Students of Israeli history should not be surprised by this turn of events. The Jewish state has a tradition of broad-based centrist government during times of existential crisis, such as the build-up to the 1967 Six Day War. Parties tend to downplay their usual political differences in order to unite the country against a common foe. The Iranian nuclear threat most certainly qualifies as such an epochal event, as Netanyahu has often noted.
This grand coalition was perhaps a bit easier to cobble together than some of the earlier ones. Kadima split off from Likud under former premier Ariel Sharon, and the distance between the parties is not unbridgeable.
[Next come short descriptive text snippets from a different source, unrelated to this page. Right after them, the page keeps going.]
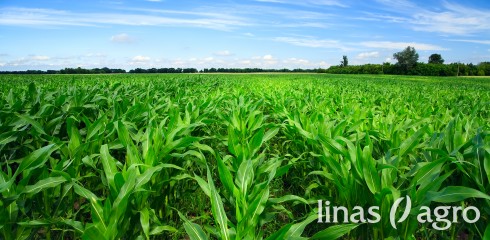 Kukurūzų auginimo grūdams nederlingose dirvose agrotechnika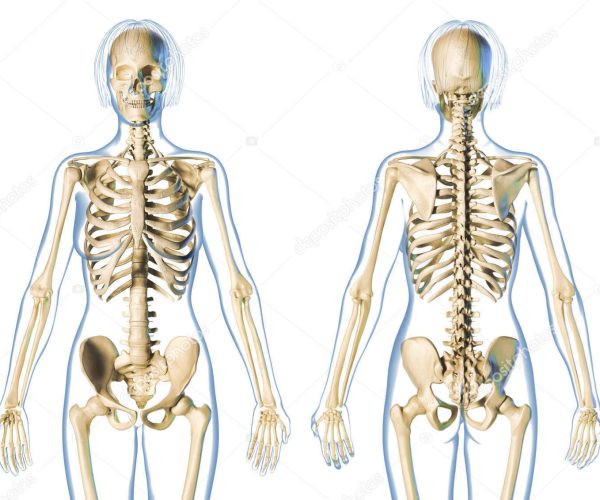 Woman skeletal system front and rear views. On white background.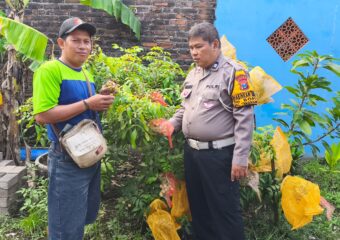 img 20250505 wa0139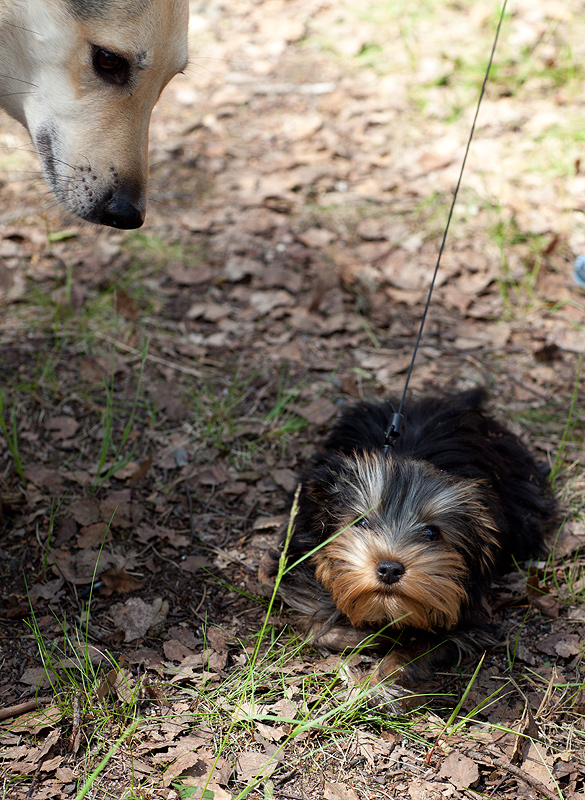 Выезд на озеро Длинное, июнь 2010 Выезд на озеро Длинное, июнь 2010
So the new government is a significant boon to both Netanyahu and Mofaz, as well as the State of Israel. But there is another unexpected beneficiary of this development: President Barack Obama.
This new centrist government removes one of the key stumbling blocks to the President’s diplomacy in the region: the conservative Israeli coalition. It is important to remember that this coalition was not Netanyahu’s first choice–after last elections, he sought to form a unity government with Kadima under now-deposed leader Tzipi Livni, but she refused to join unless she was given rotating premiership. Bibi then formed a government with a plethora of right-wing parties, as well as the left-leaning but greatly diminished Labor party under Ehud Barak.
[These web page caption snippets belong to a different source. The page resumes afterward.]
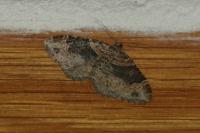 Xanthorhoe ferrugata/spadicearia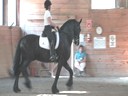 NEDA Spring Symposium<br>Day 3<br>
Bettina Drummond<br>
Assisting<br>
Leslie De Grandmaison<br>
Wiebren Fan Mirns<br>
Friesian<br>
11 yrs. old Fresian Gelding<br>
Training: 4th  Level<br>
Duration: 44 minutes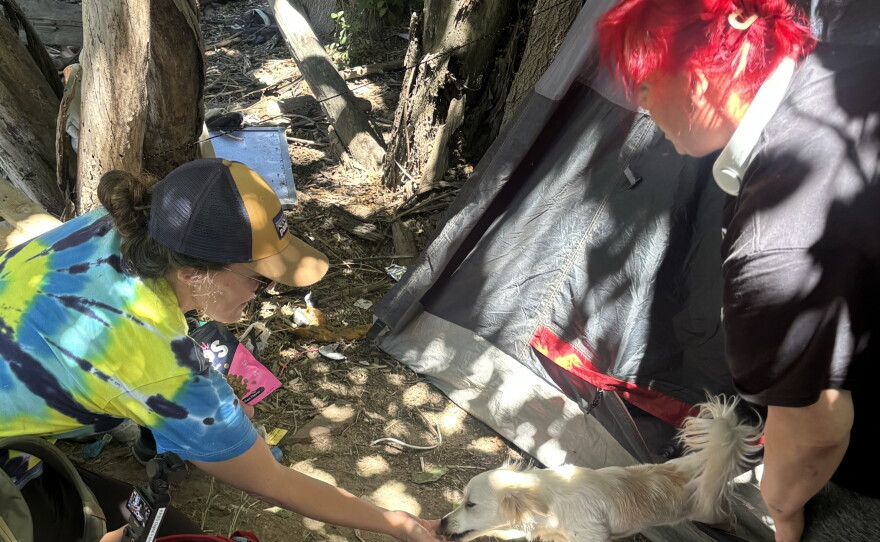 San Diego Riverpark Foundation COO Sarah Hutmacher gives treats to a dog who lives along the San Diego Riverbed with his owner on June 17, 2026.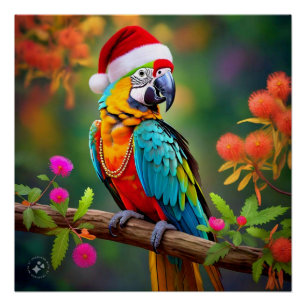 Póster Navidades Macaw Con Un Sombrero Santa-56485
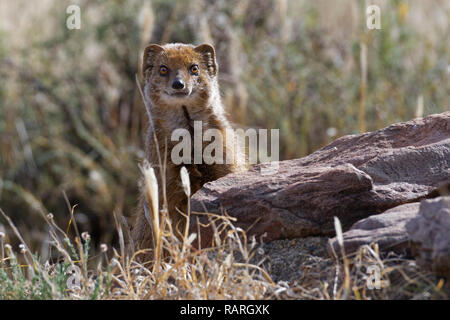 (Cynictis penicillata mangouste jaune), comité permanent des profils à burrow, derrière un bloc de pierres, alerte, Mountain Zebra National Park, Eastern Cape, Afrique du Sud Banque D'Images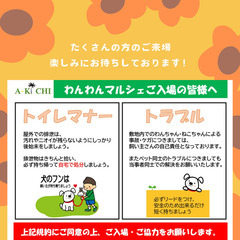 2024/11/24A-KICHIわんわんマルシェ【出演演目紹介】ドッグダンスお披露目 - フリーマーケット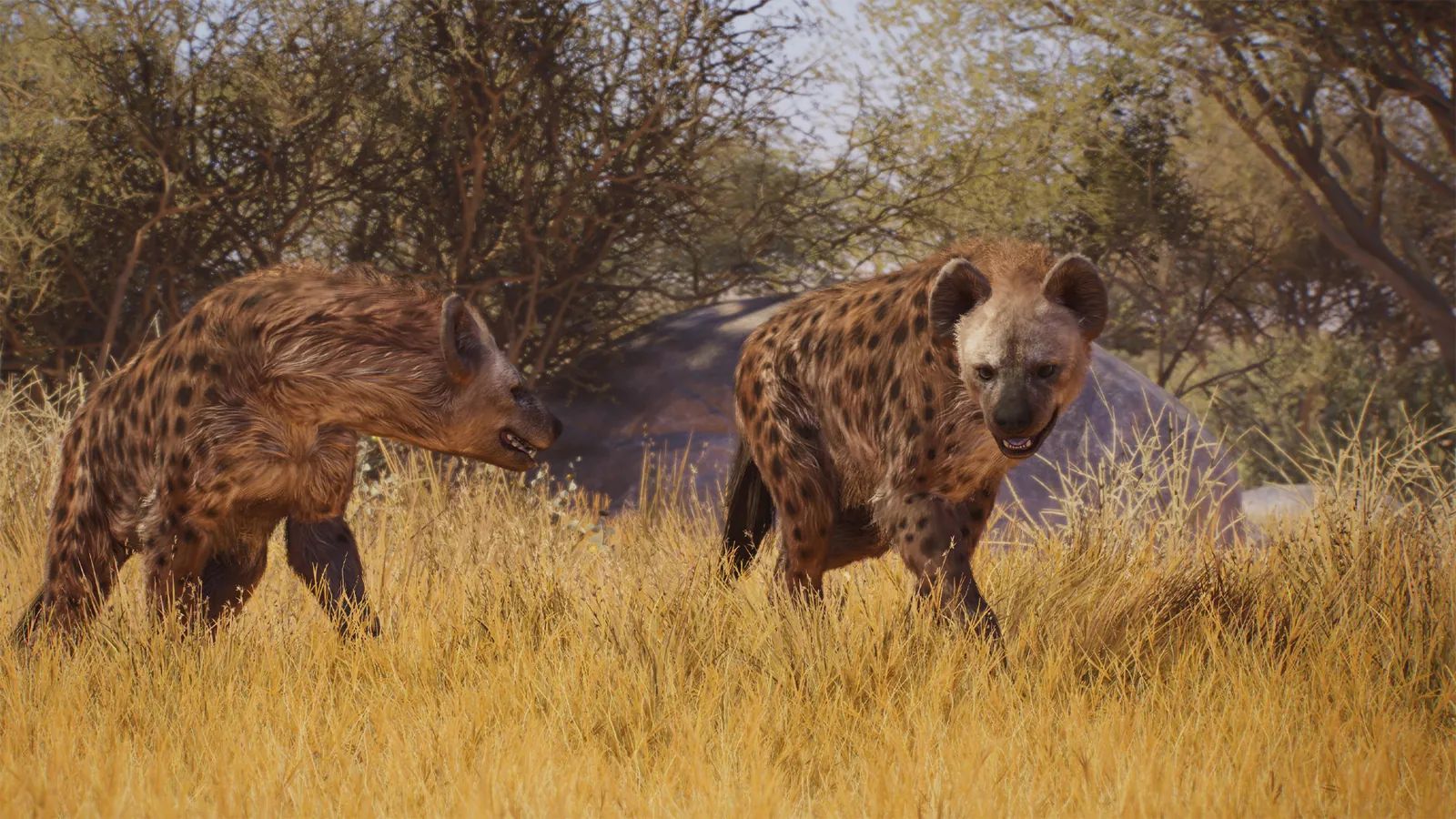 Spotted Hyena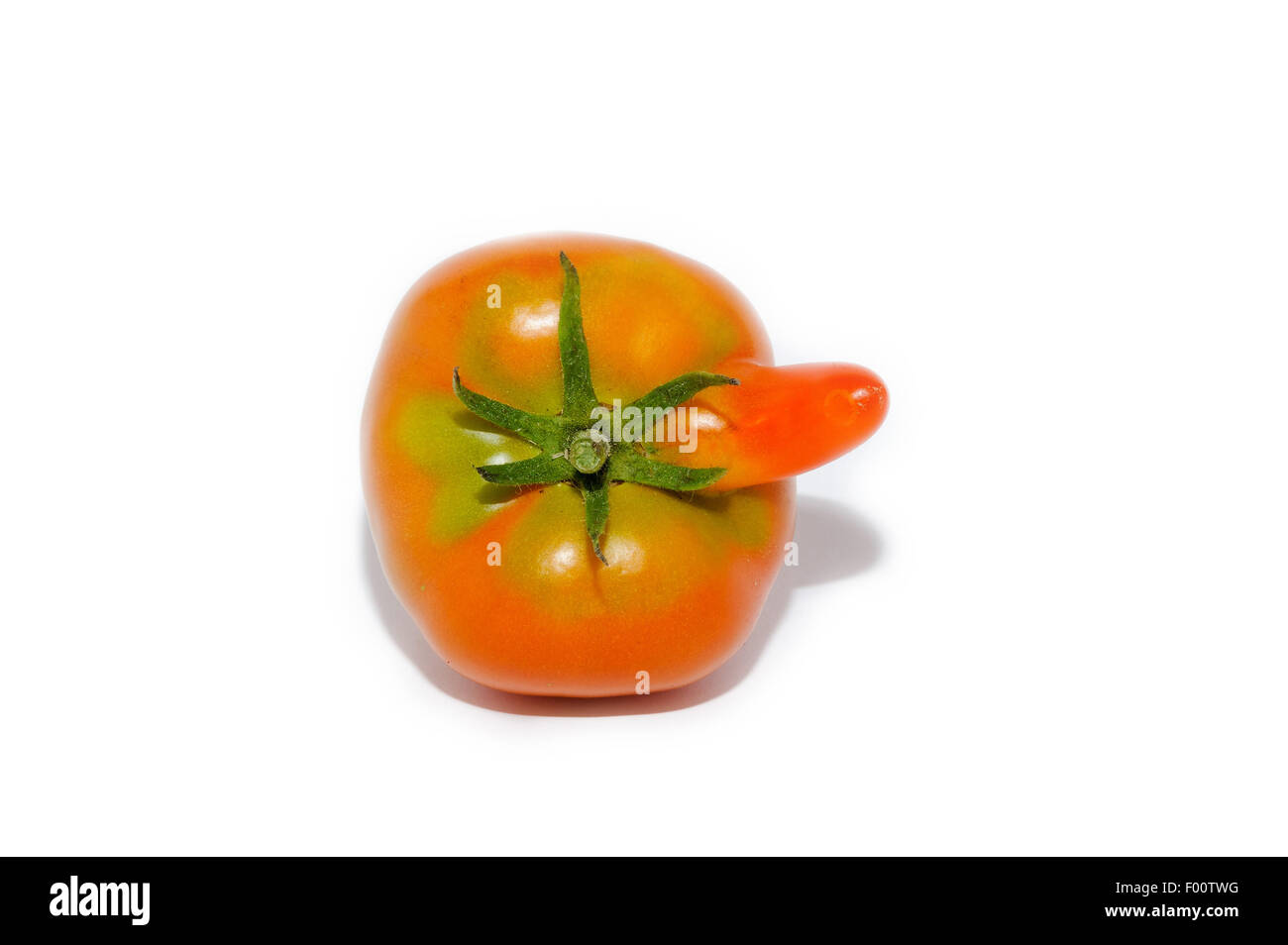 Curious tomato with appendage in the form of a long nose on white. Stock Photo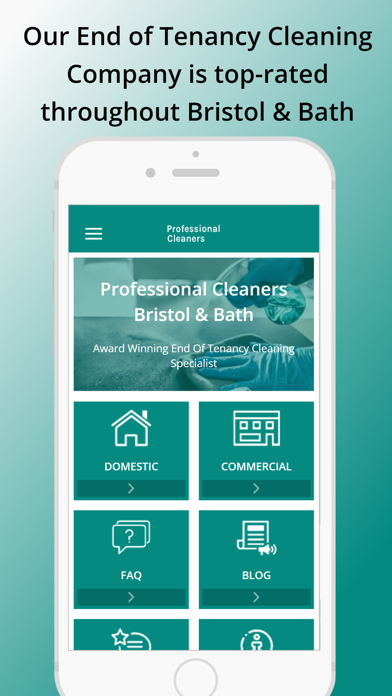Professional Cleaners Screenshot
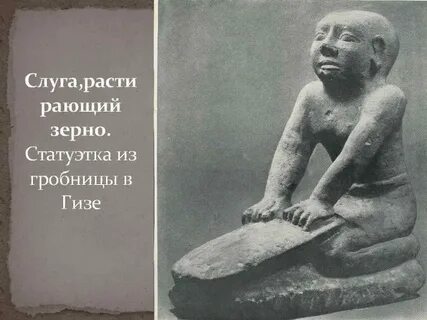 1 прокл нать вып рающий д рижер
This coalition was an uneasy one, and it came with high costs like installing the disreputable and often abrasive Avigdor Lieberman as Foreign Minister. Netanyahu himself is no flaming dove on the Palestinian issue, but the nature of the coalition reduced his bargaining flexibility.
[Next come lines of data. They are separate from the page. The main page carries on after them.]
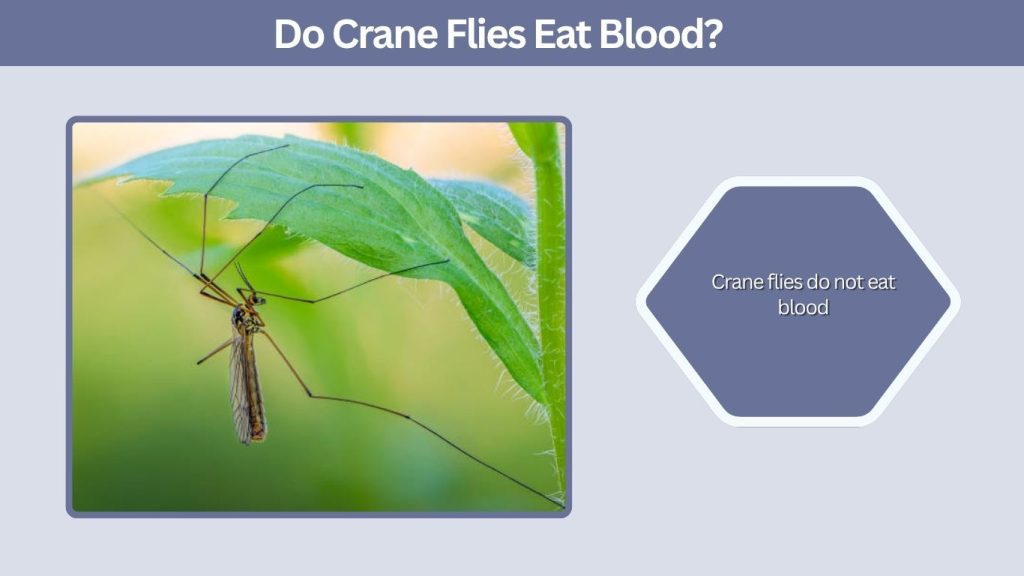 Do Crane Flies Eat Blood?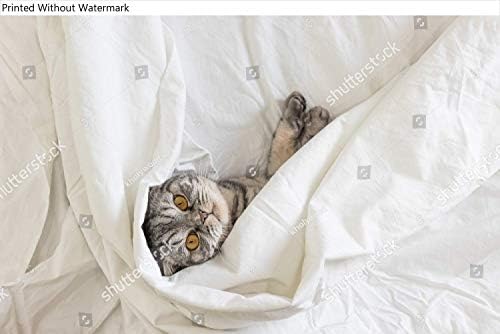 Plakát a Reprodukció a szürke skót lógófülű macska ül az ágyon a lepedőt. A kilátás fentről. A koncepció a háziállatok, kényelem,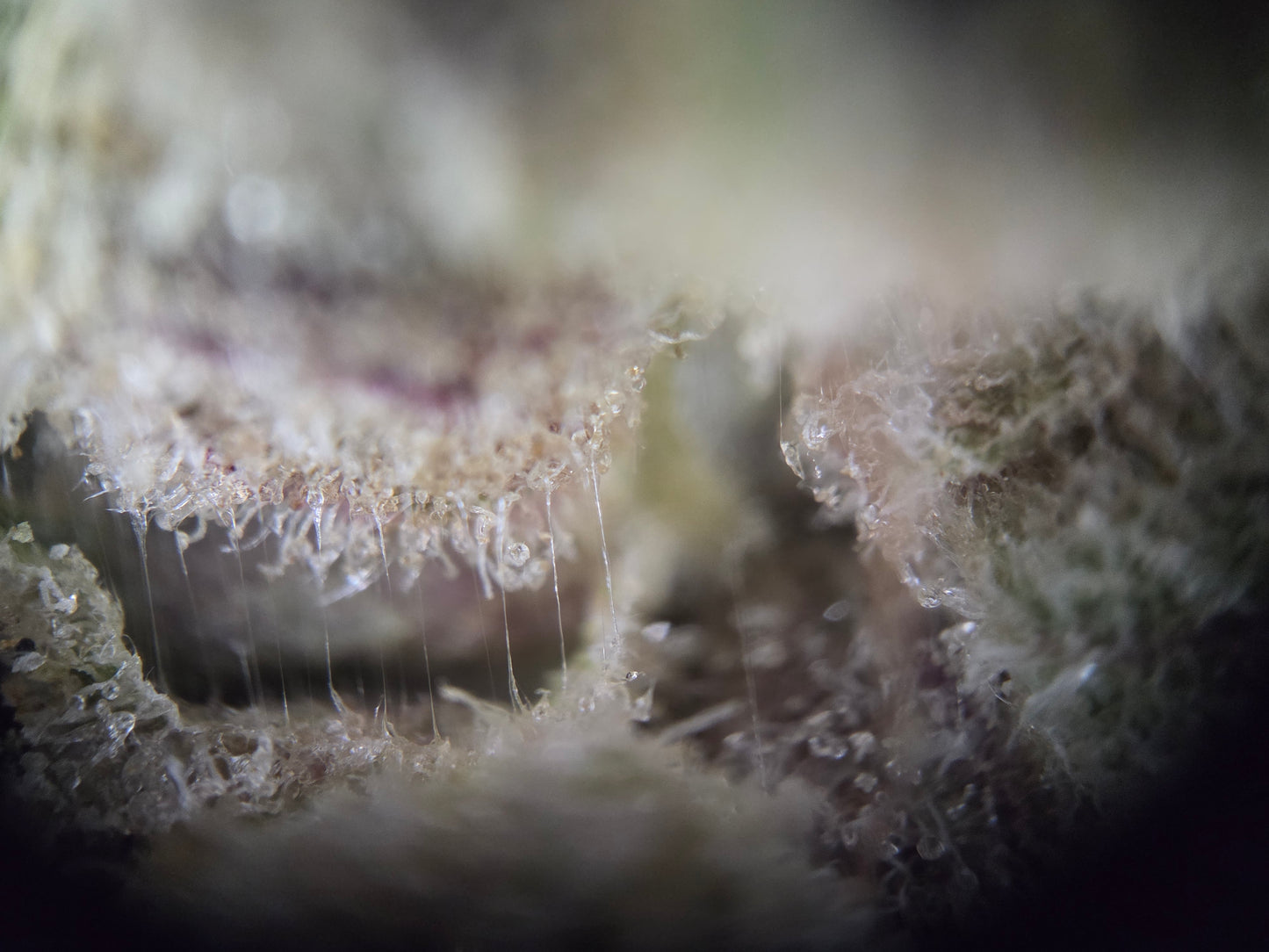 London pound cake SMALLS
By contrast, the new centrist coalition relegates extreme parties to its fringe, increases Netanyahu’s maneuverability on everything from Iran to the economy to the peace process, and allows him to embark on much-needed electoral reform to reduce the influence on small extremist parties. But just as crucially, the new government will also put greater internal pressure on Netanyahu to deal with the Palestinians (Kadima and Mofaz are on record in support of a more conciliatory approach).
It is a mixed picture for Obama. On the one hand, this government may be a little easier to work with on Palestinian issues; on the other, it may be politically easier for the Israelis to launch an attack against Iran.
Keeping up the pressure against Iran, consulting with Israel as nuclear negotiations proceed, and looking for ways to start some kind of meaningful discussion between Israelis and Palestinians looks like the most fruitful course the US administration’s Middle East diplomacy could take right now. For President Obama, who has pretty much been locked into a tough policy approach to Iran without being able to get anything significant from the Israelis on negotiations with the Palestinian Authority, that looks like a step forward.
If he plays his cards well, and if he is lucky (always a vital component of successful policy moves in the Middle East), President Obama just might emerge as the victor in Israel’s election that never was.